Михаил Александрович Тарковский

Вот как писал об Ангаре Валентин Григорьевич Распутин:

«Я верю, что и в моем писательском деле она сыграла не последнюю роль: когда-то в неотмеченную минуту вышел я к Ангаре и обомлел – и от вошедшей в меня красоты обомлел, а также от явившегося из нее сознательного и материального чувства Родины».

И еще:

«Я уверен, что писателем человека делает его детство, способность в раннем возрасте увидеть и почувствовать все то, что дает ему затем право взяться за перо. Образование, книги, жизненный опыт воспитывают и укрепляют в дальнейшем этот дар, но родиться ему следует в детстве».

2

Поперечник России в районе Красноярья, то есть расстояние от юга Тувы до Диксона на Таймыре, около четырех тысяч километров. Да разве кому-нибудь на западе придет в голову, что Смоленск и Мурманск, стоящие на одной долготе – части единого и строгого целого? А на родине Астафьева так оно и есть, Енисей – это один мир, одна территория, объединенное одной рекой-дорогой, огромной, крепкой, мужественной.

И писатель под стать Енисею такой же кряжистый, крепкий, мужицкий и в своих книгах насквозь речной – пароходский, лодочный, рыбный. Описанию различных рыбин и рыбалок посвящены многие строки его произведений. Сами названия за себя говорят: «Карасиная погибель», «Уха на Боганиде», да и «Царь-рыба». Детство писателя прошло на берегах Енисея: от Овсянки на юге до заполярной Игарки – неплохим плечом длиной 1700 верст пролегла человечья судьба! Крепко, пуповинно перевязана она с великой рекой. Так крепко, что крепче не бывает: матушку писателя навечно забрали суровые воды.

Пересказывать Астафьева бесполезно, хочется дать главную ноту, отзвук, с каким прозвучал Виктор Петрович в лучших своих книгах «Последний поклон» и «Царь-рыба». Нота эта так же разнообразна, как сам Батюшка-Енисей в разные времена года, в разную погоду. Но она всегда исповедальна, летописна, житийна. Она жива по законам лирики, и все происходящее сугубо субъективно и пропущено через «я» автора. Она пронзительно поэтична и стихийна – а ведь было у кого учиться этой стихийной мощи, когда «Батюшка-Анисей» под боком!

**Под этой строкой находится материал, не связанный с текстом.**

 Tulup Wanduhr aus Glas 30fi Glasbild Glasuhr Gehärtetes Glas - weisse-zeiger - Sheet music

Виктор Петрович не делил литературу на жанры и всегда в едином напряжении силы и честности писал о своем главном и в повестях, и в «Затесях», и в предисловиях. И так же звучал его голос в выступлениях. И как чередуется на Енисее сизый штормовой вал с зеркальной безмятежной гладью, так мешается в его произведениях то погибельная интонация довоенных рыбалок, то звонкая, как росистое таежное утро, симфония жизни, то тихое, как белая ночь, откровение. И всегда его голос остается пронзительным, как возвращение молодого Витьки с войны к геологически постаревшей бабушке.

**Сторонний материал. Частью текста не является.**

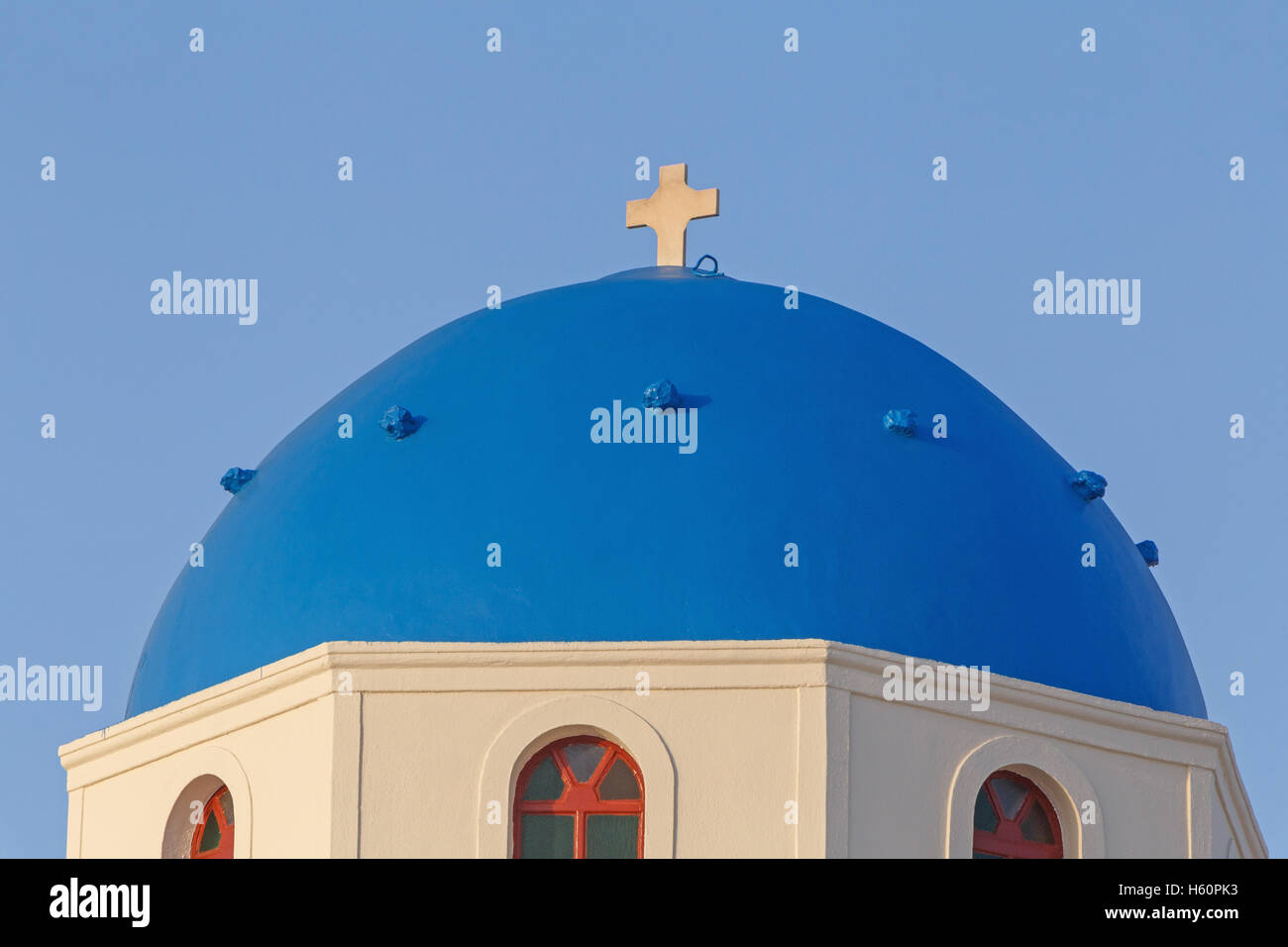 dome of Orthodox church in Oia on Santorini Stock Photo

До чего сибирские реки огромны и, что ли, линейны! С парохода и, особенно, с вертолета планетарно бескрайними выглядят плесы, береговые линии, как по линейке, выровненные непомерной работой воды и льдов. С галечниками, поймами, островами… Кажется, огромные ножи лежат, металлически поблескивают на солнце, наждачно синеют. Как побороть пером это величие, как подобраться к гладкой алюминиевой шкуре, не соскользнуть с алмазного лезвия плеса, как всверлиться, прокопаться, каким надфильком? Каким буром забуриться в двухметровый лед, чтоб заговорила речная громада, живым бугром пробилось слово, заходило по кругу, забирая душу? Никто особо и не пробовал – и вот Виктор Петрович впервые в истории взялся за Батюшку-Енисея. Только догадываться можно, как трудно ему было первому… И вот сделал он шаг, ступил из стальной параллельности в этот бурелом, чапыжник, «шарагу, вертепник или попросту дурнину».